§ Task requirements: Print exactly the lines below between the line containing "Blijedoplavi ženski rukopis" and the line containing "Yakuza 5 - Minijuegos", counting both of those lines. Leave pictures out.
*** Begin section ***
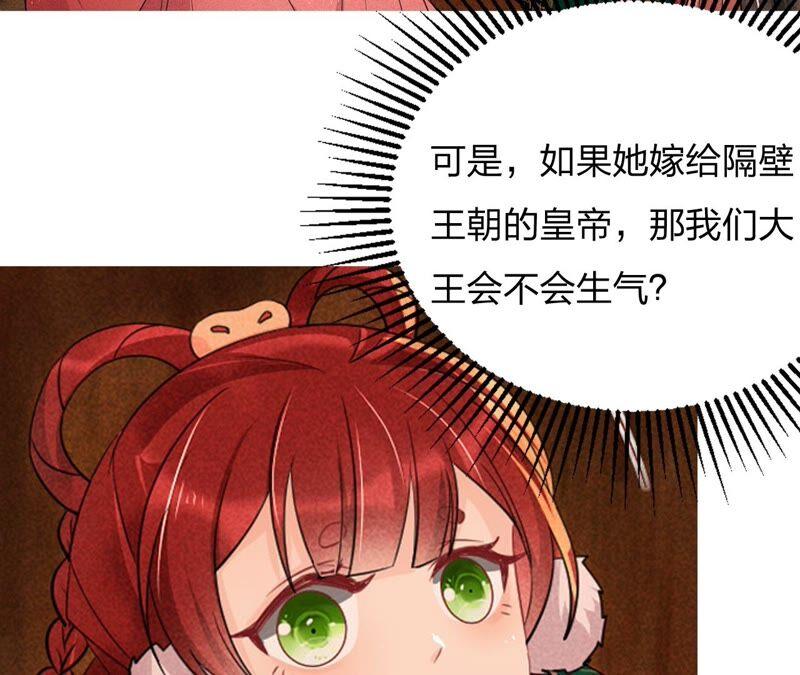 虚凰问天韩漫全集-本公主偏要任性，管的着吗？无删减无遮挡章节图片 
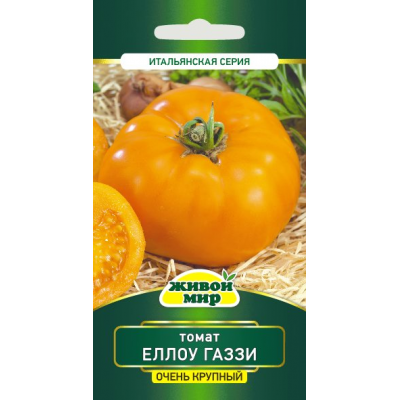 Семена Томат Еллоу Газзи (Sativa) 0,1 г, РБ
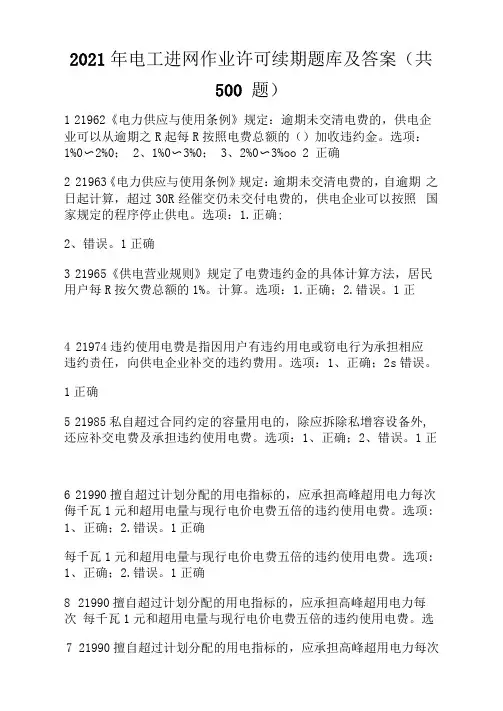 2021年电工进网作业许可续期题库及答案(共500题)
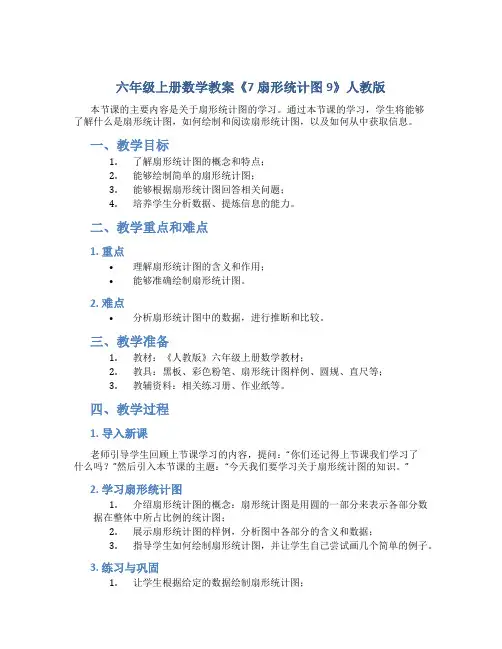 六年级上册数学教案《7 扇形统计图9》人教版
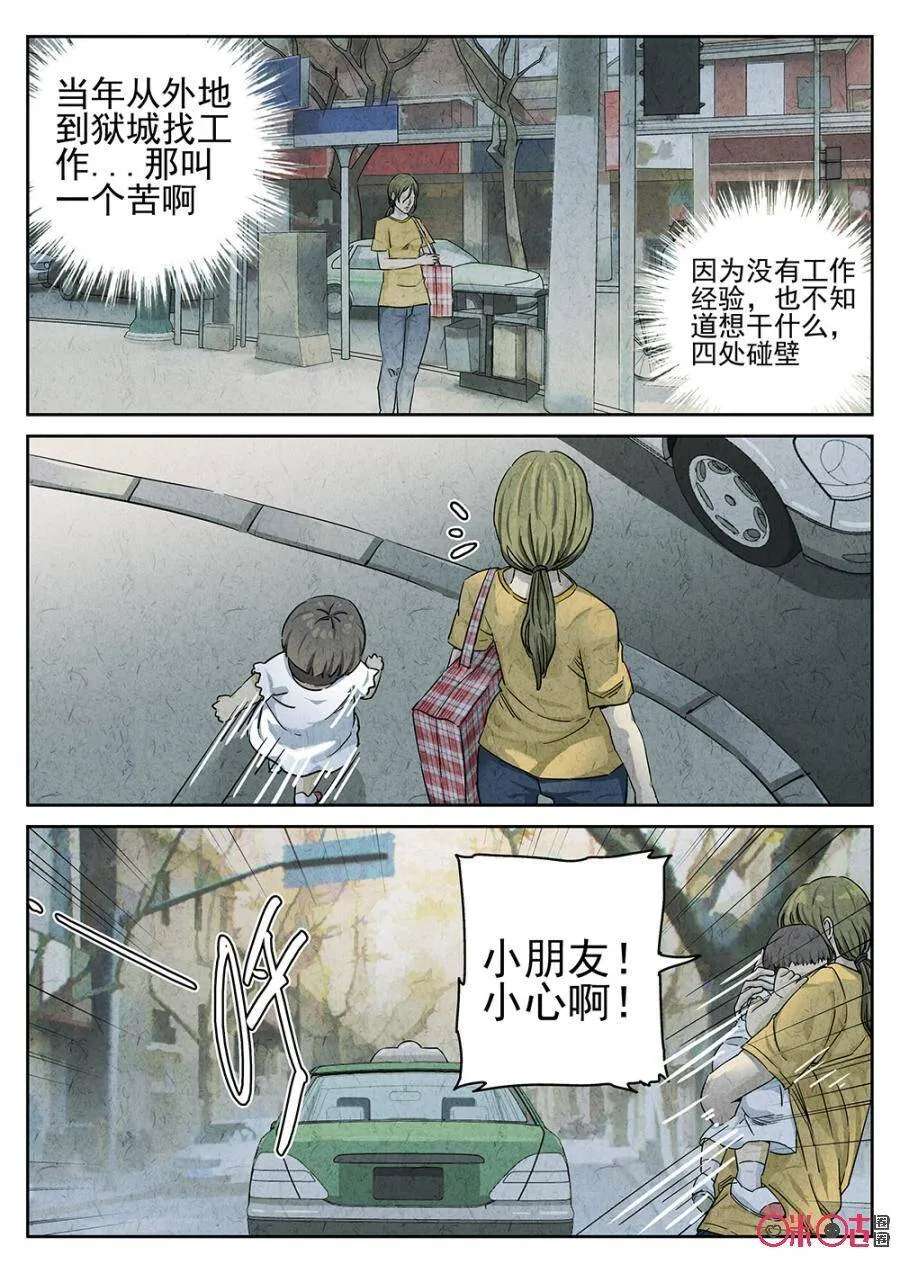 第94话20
*** End section ***
*** Begin section ***
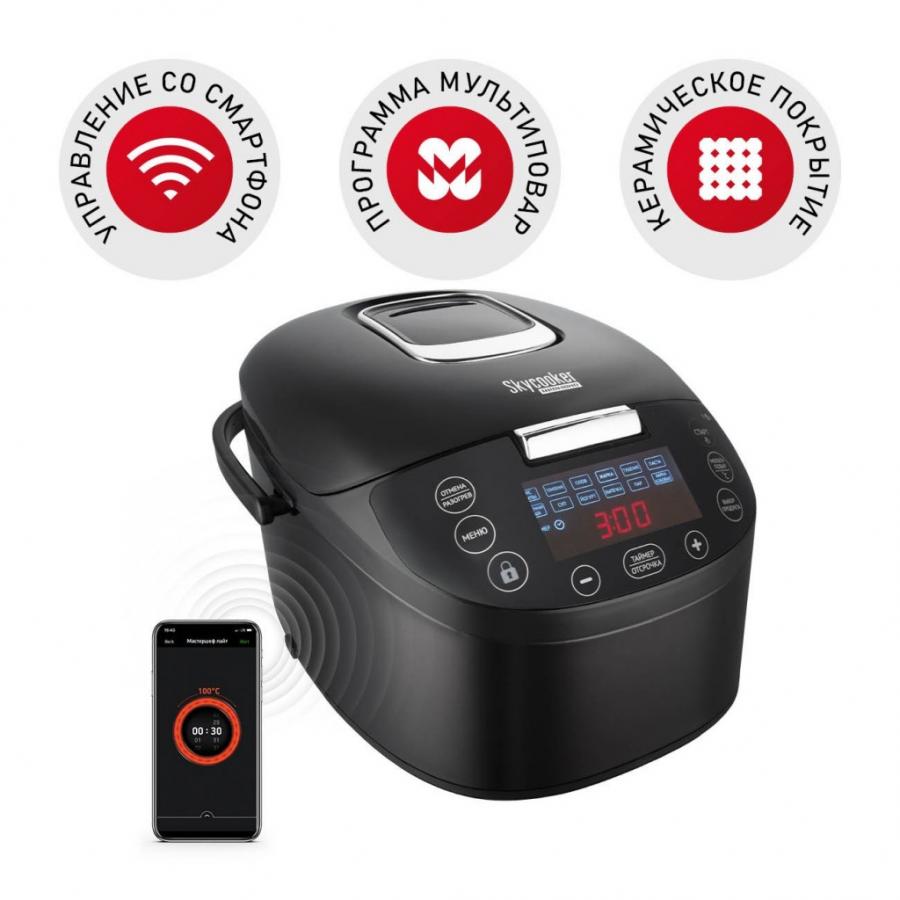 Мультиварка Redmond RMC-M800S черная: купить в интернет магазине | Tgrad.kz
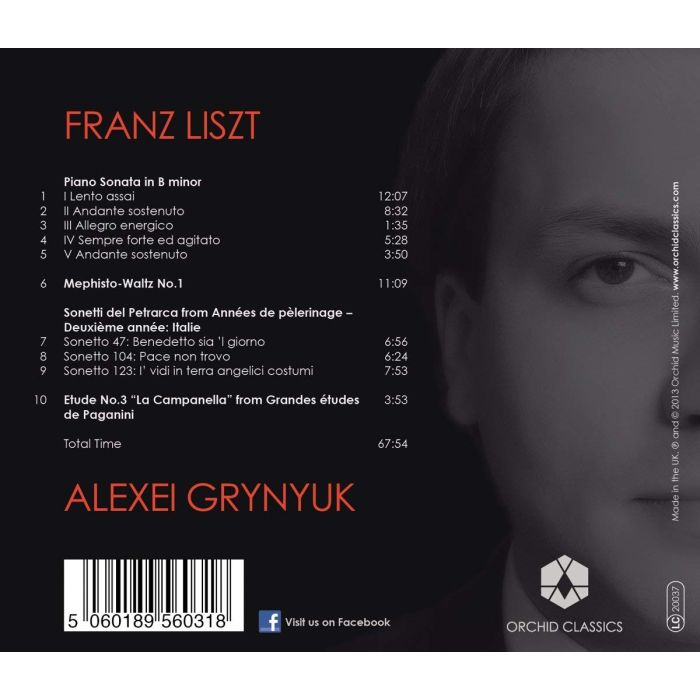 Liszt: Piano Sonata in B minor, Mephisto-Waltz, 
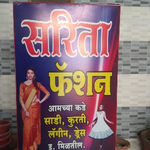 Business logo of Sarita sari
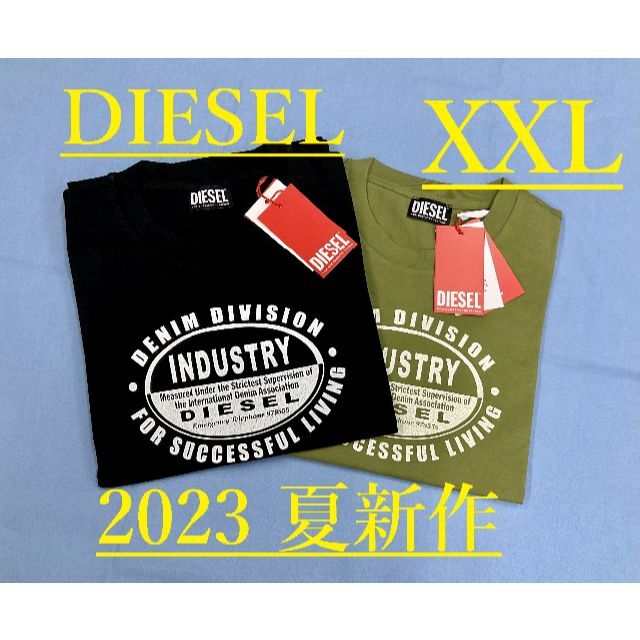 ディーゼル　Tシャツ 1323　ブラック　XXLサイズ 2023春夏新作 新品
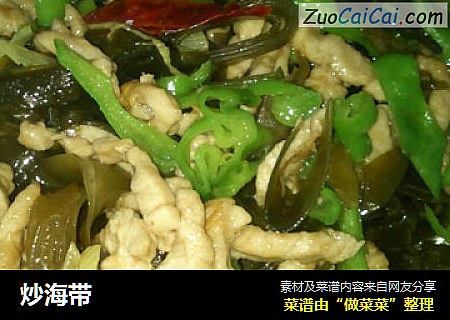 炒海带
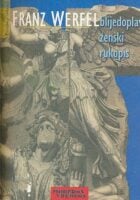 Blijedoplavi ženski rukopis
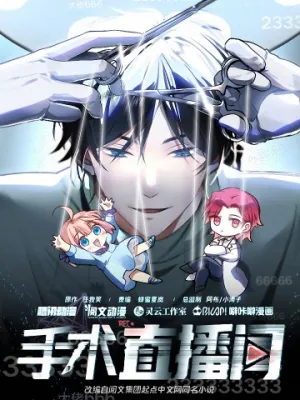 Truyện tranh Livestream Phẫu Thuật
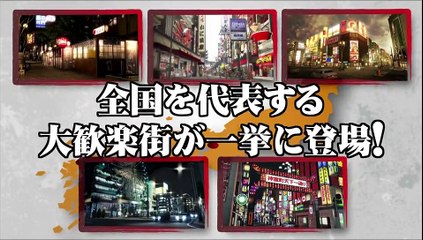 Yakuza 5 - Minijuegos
*** End section ***
§ Answer to this exercise:
 Blijedoplavi ženski rukopis
 Truyện tranh Livestream Phẫu Thuật
 Yakuza 5 - Minijuegos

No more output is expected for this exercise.